Ce qu'il faut comprendre
Google peut-il réellement contourner ma balise canonical ?
Oui. La balise canonical n'est qu'un signal pour Google, pas une directive stricte. Même si vous indiquez que votre version .de est la référence, Google garde la main pour décider quelle URL servir à l'utilisateur final.
Dans le cas d'un contenu quasi-identique diffusé sur plusieurs TLDs géographiques (.de, .at, .ch), Google privilégie la cohérence géographique entre la requête et l'URL servie. Un utilisateur à Vienne cherchant "assurance auto" verra la page .at, même si techniquement la .de est le canonical déclaré. Le moteur estime que la pertinence locale prime sur la déclaration technique.
Quelle différence entre canonical et serving selon la géolocalisation ?
Le canonical détermine quelle URL Google indexe et consolide les signaux SEO. C'est la version de référence pour le crawl, l'attribution des backlinks, le stockage dans l'index. En théorie, les autres variantes sont des doublons qu'on regroupe sous cette URL principale.
Le serving, c'est l'URL que Google décide d'afficher dans les SERPs pour un utilisateur donné. La géolocalisation devient un facteur de ranking local qui peut écraser le choix du canonical. Résultat : vous pouvez avoir une URL .de comme canonical dans l'index, mais un chercheur autrichien verra la .at dans ses résultats.
Cela s'applique-t-il uniquement aux TLDs géographiques ?
La déclaration de Splitt mentionne explicitement les TLDs (.de / .at), mais la logique peut aussi toucher les sous-domaines ou sous-dossiers avec ciblage géographique via Search Console (pays cible défini, hreflang configuré). Google dispose de plusieurs signaux pour déterminer qu'une URL sert une zone spécifique.

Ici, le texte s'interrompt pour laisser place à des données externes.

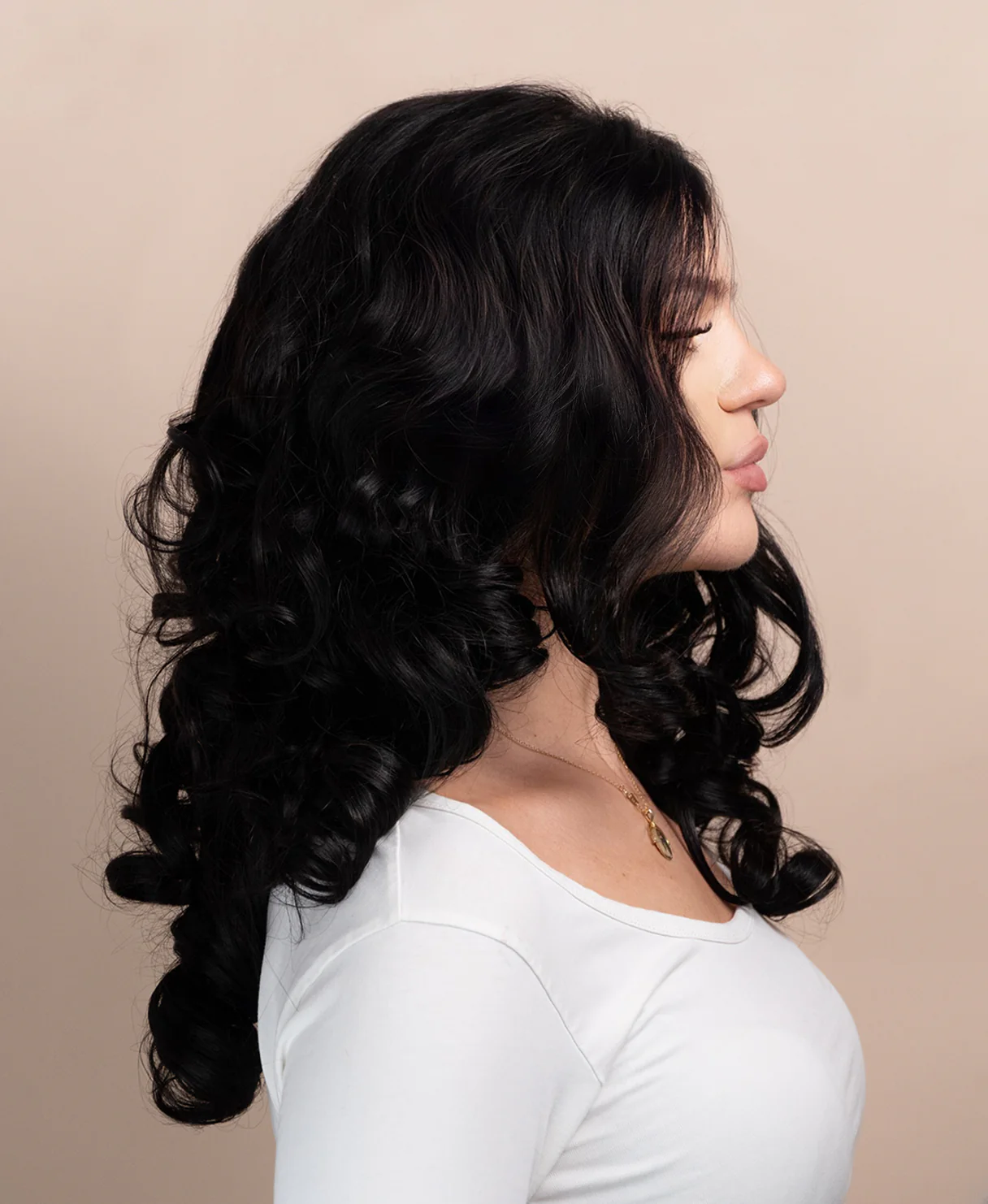 bouncy curls human wig - 18" natural black. - Image 3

Si vous utilisez un .com/de/ et un .com/at/ avec hreflang, la même mécanique peut opérer. Google ajuste l'URL servie selon l'IP, les paramètres langue navigateur, l'historique de recherche. Le canonical reste valide pour l'indexation, mais le serving diverge selon le contexte utilisateur.

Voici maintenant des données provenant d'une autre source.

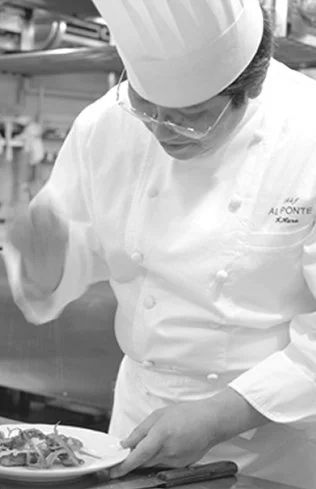 シェフが料理を盛り付けている様子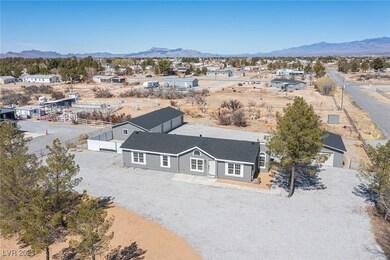 Drone / aerial view featuring a mountain view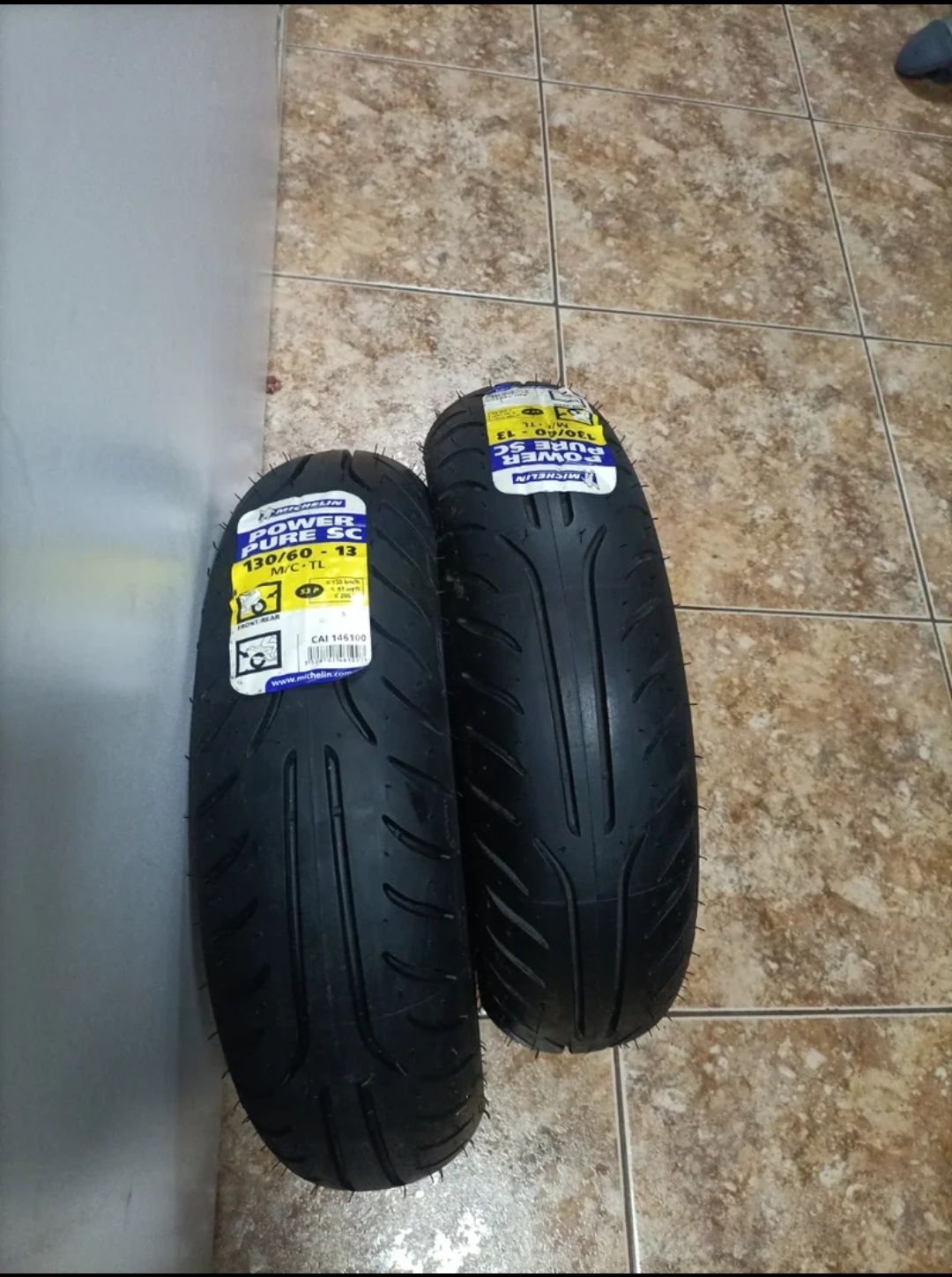 Pneu Michelin 130 60 r13 novos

- Le canonical définit l'URL de référence dans l'index Google — celle qui accumule les signaux SEO.
- Le serving géolocalisé peut substituer une variante régionale dans les SERPs selon la position de l'utilisateur.

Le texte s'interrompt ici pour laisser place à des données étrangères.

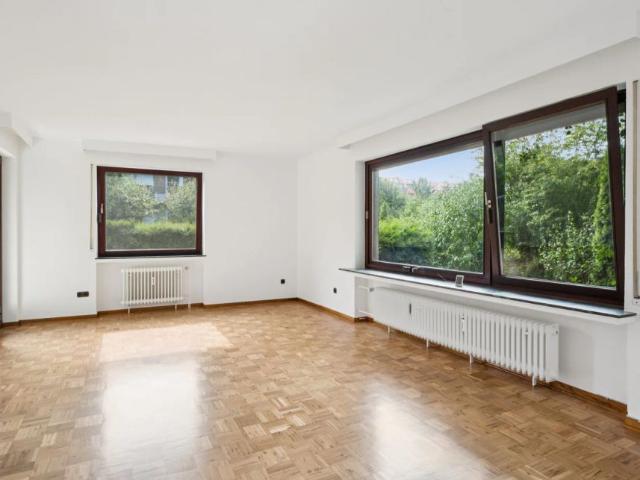Ein Zuhause für Gartenliebhaber – Stilvolle 5 Zimmer Wohnung mit 200 m² privater Gartenidylle
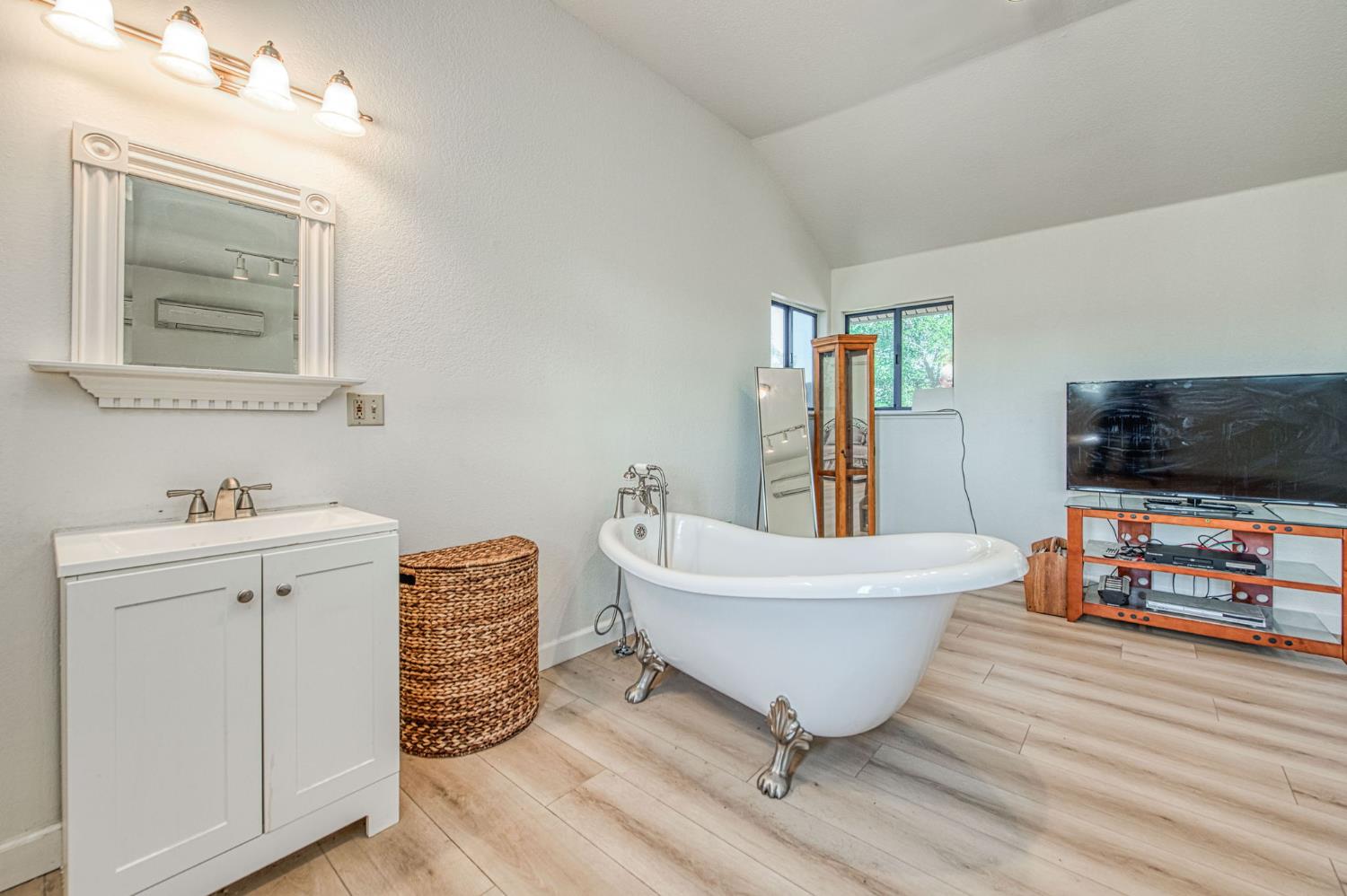 28760 Long Hollow Ct S, Coarsegold, CA 93614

- Cette logique s'applique aux TLDs géographiques, mais aussi aux sous-domaines ou sous-dossiers avec ciblage pays.
- Google combine plusieurs signaux (IP, langue navigateur, historique) pour ajuster l'URL servie.
- Votre déclaration technique (canonical, hreflang) reste un signal important, mais Google garde le dernier mot.
Avis d'un expert SEO
Cette déclaration est-elle cohérente avec les pratiques observées sur le terrain ?
Totalement. On observe depuis des années que Google ajuste le serving géographique même quand un canonical est en place. Les sites e-commerce multi-pays constatent régulièrement qu'un .fr apparaît pour les Français, un .be pour les Belges, même si le canonical pointe vers le .com principal.
Ce qui est nouveau, c'est la confirmation explicite par Splitt. Beaucoup de praticiens pensaient que le canonical était une directive dure — cette déclaration clarifie que c'est un signal parmi d'autres. Google peut l'ignorer s'il estime qu'une autre URL offre une meilleure expérience utilisateur locale.
Quelles nuances faut-il apporter à cette affirmation ?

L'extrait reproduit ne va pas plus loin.